Baltimore realignment offers opportunities
BY EUGENE MATTHEWS
As United Methodists we believe in connectionalism and the potential of congregations working together. We also believe that God's ministry unfolds in the local church.
This May at annual conference, members will be able to strengthen the ministry of the connection and the local church by approving a proposal to realign the conference's regions in a move from nine districts to eight.
This realignment would better resource local churches for ministry and increase the time and attention churches and pastors receive from their Adventure Guides. This additional resourcing is expected to enable an increasing number of congregations to become Acts 2 churches.
The idea for realignment surfaced several months ago as the result of a capacity study concerning the deployment of the conference Guide staff. It revealed that there were enormous inequities regarding the numbers of churches and pastors each Guide worked with.
In some areas there was a 49 to one ratio of churches to Guides; in others that ratio was 25 to one.
In subsequent discussions, conference leaders began to see that realignment was necessary and that it would have the additional benefit of improving the resourcing of churches for mission and ministry.
A study and design team was created and after much consideration, its members decided the conference should maintain its four regions (Baltimore, Western, Washington and Southern) but try to equalize the workload by having two districts in each region with a proportionate number of churches in each one.
This decision is significant, especially to Baltimore, because it calls for the three districts in the Baltimore region to become two. Making two districts in Baltimore will also cause changes in the boundaries of contiguous districts.
The move comes at an important time because there is a quadrennium change of leaders on district and conference committees this year. In addition, I am retiring this year, so a new district superintendent would not need to be brought on board.
While these factors are important, I think the most significant aspect of the timing of the realignment is related to the "Hope for the City" plan, a strategy for Baltimore City that is just beginning.
The purpose of the strategy is to move toward a transformational ministry within the United Methodist churches in the City of Baltimore. The 61 churches in the city all share in the vision and mission of the Baltimore-Washington Conference - to become like Christ in calling, equipping, sending and supporting spiritual leadership to make disciples for the transformation of the world and to grow 600 Acts 2 congregations.
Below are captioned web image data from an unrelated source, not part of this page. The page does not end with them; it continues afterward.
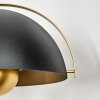 Guttsta Plafondlamp, Staande lamp Goud, Zwart, 4-lichts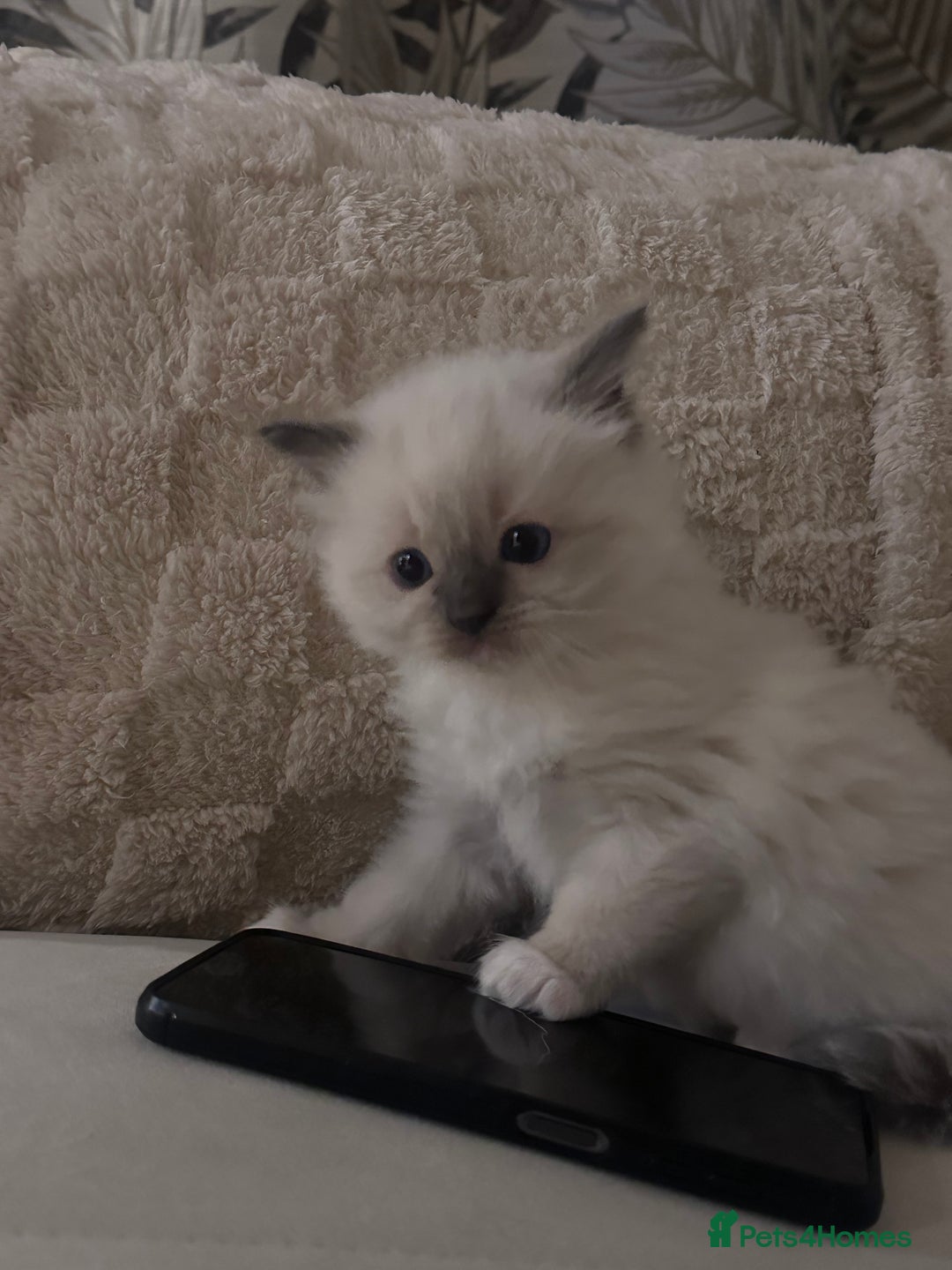 Ragdoll cats for sale: Mitted Blue Point Ragdoll  - Image 4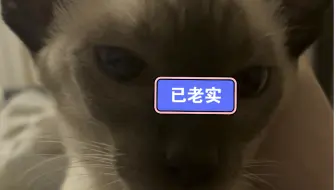 Télécharger la video: 训猫tv-躲避视线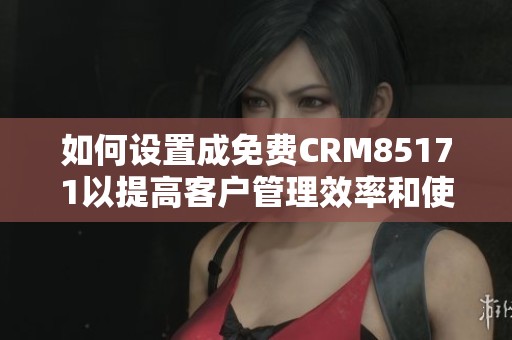 如何设置成免费CRM85171以提高客户管理效率和使用体验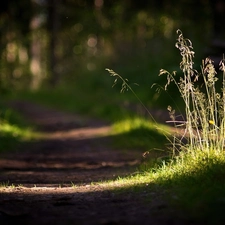 grass, ##, Forest, Path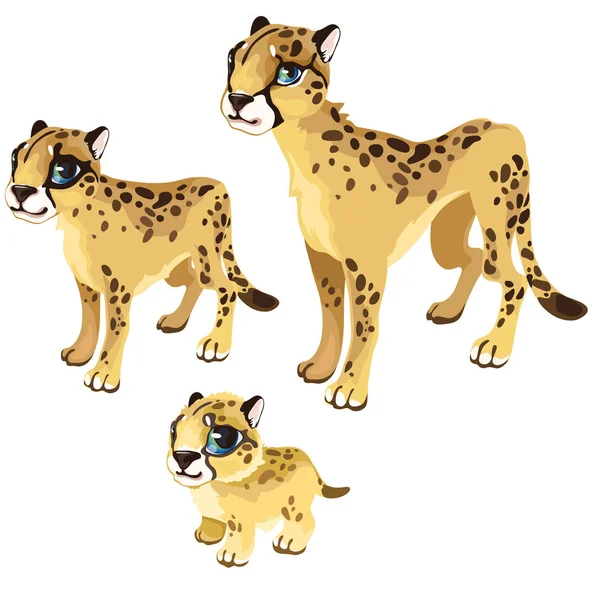Estágios de maturação do leopardo. Animais vectores —  Vetores de Stock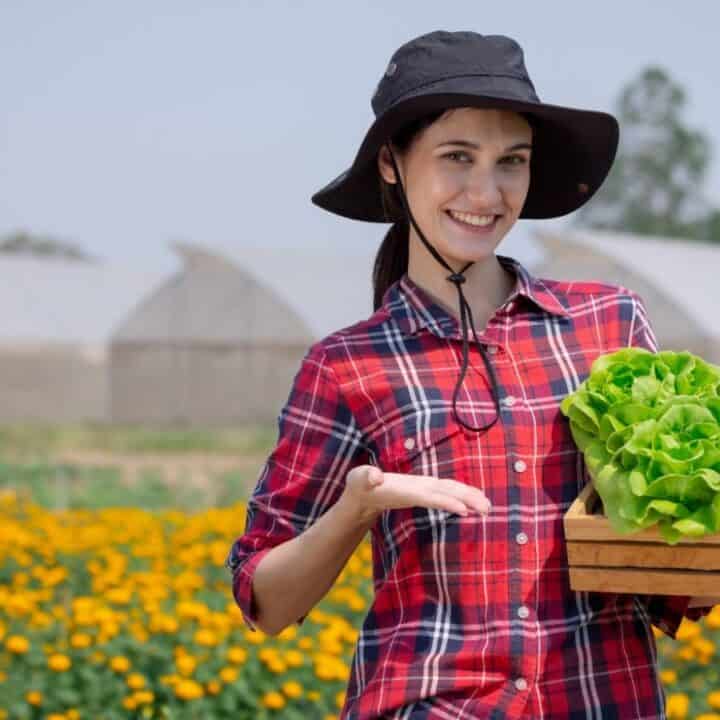 A woman in a plaid shirt and sun hat holds a crate of fresh lettuce, standing in front of flower fields and greenhouses.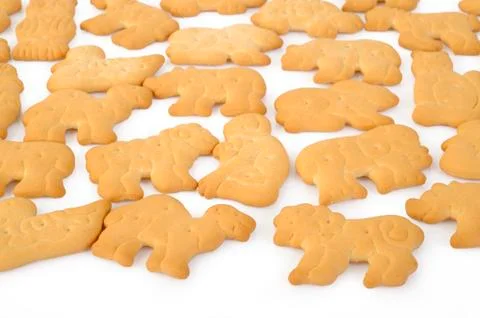 Biscuit cookie Foto stock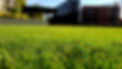 lawn care image 3.jpg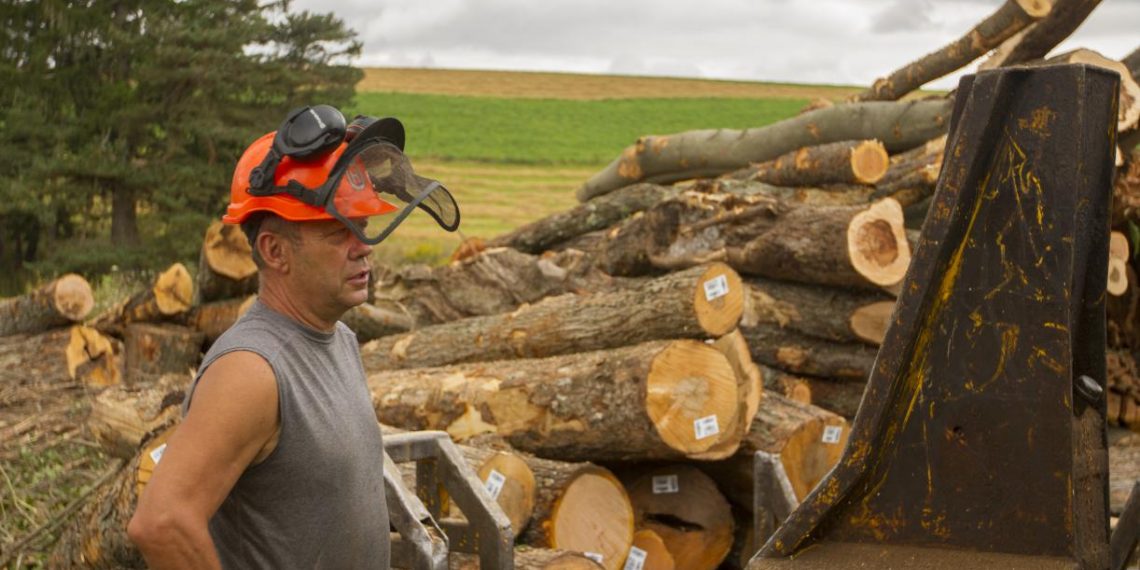 Tracking Timber Helps Prevent Illegal Logging and Illegal Deforestation. Here’s How.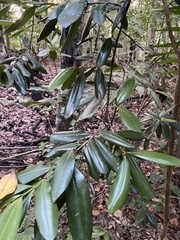 Pimenta racemosa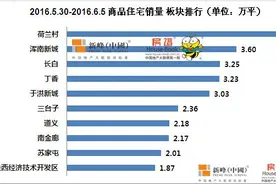 沈阳荷兰村版块成新晋之“王” 销量登顶榜首后劲足图片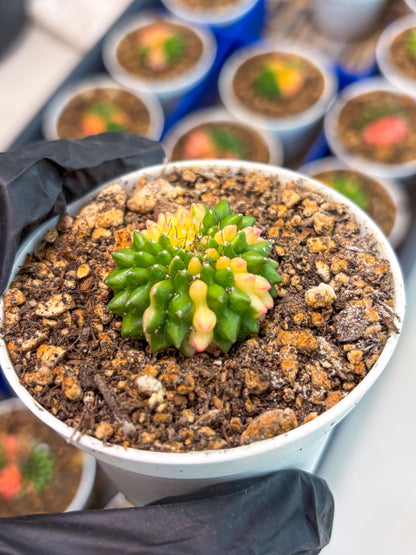 Starter Plants!! Gymnocalycium Inermis Cristata | (gy10) (r6)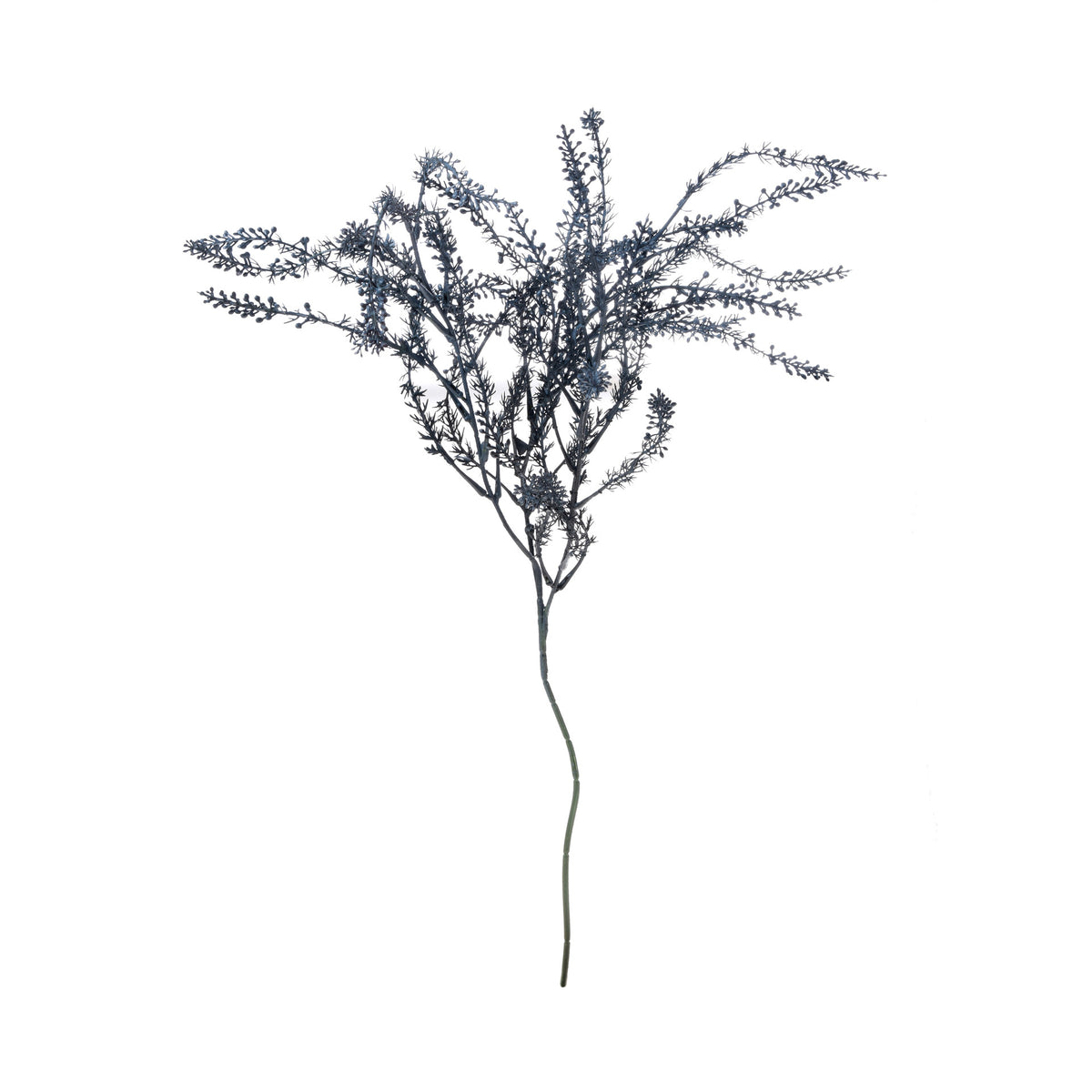 Sininen koristeoksa, 80 cm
Aligning them in one district, under one leader, will make that vision and its implementation more cohesive. This leader will be able to represent and speak for The United Methodist Church in Baltimore.
For strategic and practical reasons, realigning the districts makes sense, especially in Baltimore, as we work to configure ourselves for the future and effective meaningful ministry.
Rev. Eugene Matthews is superintendent of the Baltimore West District.